Various theories of attitude organization are as follows:

  • Learning Theory: Approach that assumes that a person’s attitudes are based on principles of reinforcement association, imitation and punishment.
  • Theory of Cognitive consistency: This theory states that tendency for people to seek consistency among their attitudes.
  • Balance theory: A Theory addressing the need to maintain consistency among our feelings and beliefs about what goes together.
  • Cognitive dissonance Theory: Inconsistence between two cognitive elements produces pressure to make these elements consonant.

 Heider’s balance theory

Balance theory considers the consistency among the affects and beliefs held by a person and are usually described in terms of a person, another person, and an attitude object.

There are three relevant evaluations:

  1. The first person’s evaluation of the other person
  2. The first person’s evaluation of the attitude object, and
  3. The other person’s evaluation of the attitude object.

Balanced relations between people fit; they go together; they make a sensible, coherent, meaningful picture. The main motive that drives people to achieve bal­ance is their desire for harmony, simple and meaningful perceptions of social relationships.

A balanced system is one in which “you agree with a liked person or disagree with a disliked person, Imbalance exists when you disagree ‘with a liked person or agree with a disliked person.

The inconsistency lies in the fact that we expect those we like to have attitudes similar to ours and we expect those we dislike to have attitudes” that are different from ours.

People do adjust imbalanced systems toward balance, and in ways that minimize the number of changes that must be made.
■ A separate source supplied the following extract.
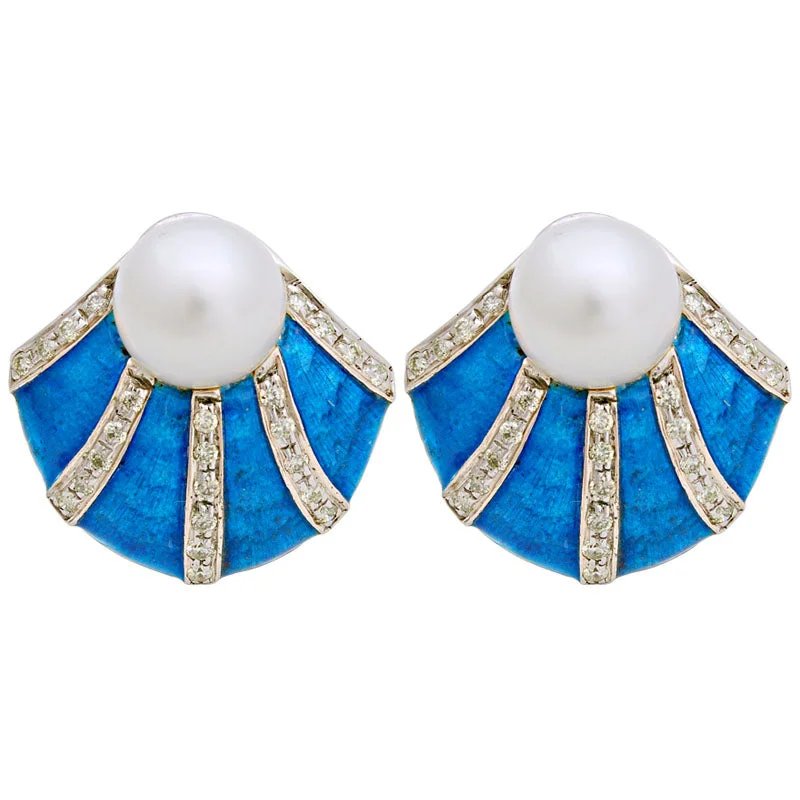 long earrings for women -Earrings-South Sea Pearl and Diamond (Enamel)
People prefer balanced systems, and they remember balanced systems better. But Balance pressures seem to be weaker when we dislike the other person than when we like him or her.

In general Imbalances occur when the system has an odd number of negative relations.

Balance theory maintains that imbalanced configurations tend to change toward balanced ones. This assumption gives the model its importance. Imbalanced systems produce pressures toward attitude change and continue this pressure until they are balanced.

This attitude change can occur in many ways. Balance theory uses a least-effort principle to predict the direction of change. People tend to change as few affec­tive relations as they can to produce a balanced system. Any of the relations may be altered to produce balance. The important point is that various possibilities exist.

Kellman’s theory of attitude organization

Kellman identifies three different processes of influence and he distinguished: them as compliance, identification, and internalization.

Changes in the attitudes and actions produced by social’ influence occur at different levels. It is proposed that these differences that take place correspond to differences in the process whereby the individual accepts influence.

Compliance occurs when an individual accepts influence because he hopes to achieve a favourable reaction from another person or group. He adopts the in­duced behavior not because he believes in its content but because he expects to gain specific rewards or approval and avoid spe­cific punishments or disapproval by con­forming. Thus the satisfaction derived from compliance is due to the social effect of ac­cepting influence.

Identification occurs when an individual accepts influence because he wants to establish or maintain a satisfying self-defining relationship to another person or a group. This relationship may take the form of classical identification, in which the individual takes over the role of the other, or it may take the form of a reciprocal role relationship. The individual actually believes in the responses which he adopts through identification, but their specific content is more or less irrelevant. He adopts the in­duced behavior because it is associated with the desired relationship.

Internalization occurs when an individual accepts influence because the content of the induced behaviour, the ideas and actions of which it is composed and is in­trinsically rewarding. He adopts the induced behavior because it is congruent with his value system. Behavior adopted in this fash­ion tends to be integrated with the individu­al’s existing values. Thus the satisfaction derived from internalization is due to the content of the new behavior.

These determinants can be summarized by the following proposition: The probability of accepting influence is a combined func­tion of

  • The relative importance of the anticipated effect.
  • The relative power of the influencing agent.
  • The prepo­tency of the induced response.

For each process, however, these determinants, take a qualitatively different form. Thus the deter­minants of the three processes can be distinguished from one another in terms of the nature of the anticipated effect, the source of the influencing agent’s power, and the manner in which the induced response has become prepotent.